▸ Supplied entries:
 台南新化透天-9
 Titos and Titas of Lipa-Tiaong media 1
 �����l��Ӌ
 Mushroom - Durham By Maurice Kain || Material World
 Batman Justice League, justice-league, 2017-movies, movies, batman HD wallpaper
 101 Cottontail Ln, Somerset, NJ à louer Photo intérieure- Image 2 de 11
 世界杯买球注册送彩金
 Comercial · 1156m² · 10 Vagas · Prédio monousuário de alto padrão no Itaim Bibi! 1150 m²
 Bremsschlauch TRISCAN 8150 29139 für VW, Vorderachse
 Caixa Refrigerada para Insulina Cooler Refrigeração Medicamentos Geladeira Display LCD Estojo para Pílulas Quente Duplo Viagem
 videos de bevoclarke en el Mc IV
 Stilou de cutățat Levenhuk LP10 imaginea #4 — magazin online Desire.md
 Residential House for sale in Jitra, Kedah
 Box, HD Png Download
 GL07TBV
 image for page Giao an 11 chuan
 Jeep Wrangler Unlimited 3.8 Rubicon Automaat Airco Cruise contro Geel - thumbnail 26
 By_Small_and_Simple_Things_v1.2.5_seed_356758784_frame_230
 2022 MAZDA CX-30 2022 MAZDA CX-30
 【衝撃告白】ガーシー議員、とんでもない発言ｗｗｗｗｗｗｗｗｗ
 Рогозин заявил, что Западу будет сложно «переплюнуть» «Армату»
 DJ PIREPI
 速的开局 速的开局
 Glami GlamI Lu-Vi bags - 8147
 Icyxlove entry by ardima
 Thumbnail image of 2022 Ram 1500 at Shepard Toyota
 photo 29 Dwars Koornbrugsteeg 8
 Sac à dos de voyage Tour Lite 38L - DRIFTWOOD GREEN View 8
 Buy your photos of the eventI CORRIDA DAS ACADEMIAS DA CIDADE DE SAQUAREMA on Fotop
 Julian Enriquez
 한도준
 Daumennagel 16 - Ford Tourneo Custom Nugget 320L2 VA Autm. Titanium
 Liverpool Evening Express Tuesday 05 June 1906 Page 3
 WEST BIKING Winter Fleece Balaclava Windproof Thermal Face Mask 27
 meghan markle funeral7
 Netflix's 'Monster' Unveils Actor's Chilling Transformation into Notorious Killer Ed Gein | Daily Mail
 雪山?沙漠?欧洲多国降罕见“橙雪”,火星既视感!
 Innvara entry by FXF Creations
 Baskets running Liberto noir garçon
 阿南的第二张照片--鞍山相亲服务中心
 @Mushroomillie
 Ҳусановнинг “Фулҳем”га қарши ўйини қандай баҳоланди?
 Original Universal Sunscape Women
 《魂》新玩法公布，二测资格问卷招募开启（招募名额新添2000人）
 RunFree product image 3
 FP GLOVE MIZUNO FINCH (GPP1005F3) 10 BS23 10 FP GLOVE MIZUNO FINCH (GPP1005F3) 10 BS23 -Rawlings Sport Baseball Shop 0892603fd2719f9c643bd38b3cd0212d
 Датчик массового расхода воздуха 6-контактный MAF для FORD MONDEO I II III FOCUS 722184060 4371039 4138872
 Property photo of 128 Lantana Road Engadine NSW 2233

▸ Task details:
Beginning at the first line of the records, retype exactly every line up to and including the one with "Sac à dos de".

▸ The completed task:
 台南新化透天-9
 Titos and Titas of Lipa-Tiaong media 1
 �����l��Ӌ
 Mushroom - Durham By Maurice Kain || Material World
 Batman Justice League, justice-league, 2017-movies, movies, batman HD wallpaper
 101 Cottontail Ln, Somerset, NJ à louer Photo intérieure- Image 2 de 11
 世界杯买球注册送彩金
 Comercial · 1156m² · 10 Vagas · Prédio monousuário de alto padrão no Itaim Bibi! 1150 m²
 Bremsschlauch TRISCAN 8150 29139 für VW, Vorderachse
 Caixa Refrigerada para Insulina Cooler Refrigeração Medicamentos Geladeira Display LCD Estojo para Pílulas Quente Duplo Viagem
 videos de bevoclarke en el Mc IV
 Stilou de cutățat Levenhuk LP10 imaginea #4 — magazin online Desire.md
 Residential House for sale in Jitra, Kedah
 Box, HD Png Download
 GL07TBV
 image for page Giao an 11 chuan
 Jeep Wrangler Unlimited 3.8 Rubicon Automaat Airco Cruise contro Geel - thumbnail 26
 By_Small_and_Simple_Things_v1.2.5_seed_356758784_frame_230
 2022 MAZDA CX-30 2022 MAZDA CX-30
 【衝撃告白】ガーシー議員、とんでもない発言ｗｗｗｗｗｗｗｗｗ
 Рогозин заявил, что Западу будет сложно «переплюнуть» «Армату»
 DJ PIREPI
 速的开局 速的开局
 Glami GlamI Lu-Vi bags - 8147
 Icyxlove entry by ardima
 Thumbnail image of 2022 Ram 1500 at Shepard Toyota
 photo 29 Dwars Koornbrugsteeg 8
 Sac à dos de voyage Tour Lite 38L - DRIFTWOOD GREEN View 8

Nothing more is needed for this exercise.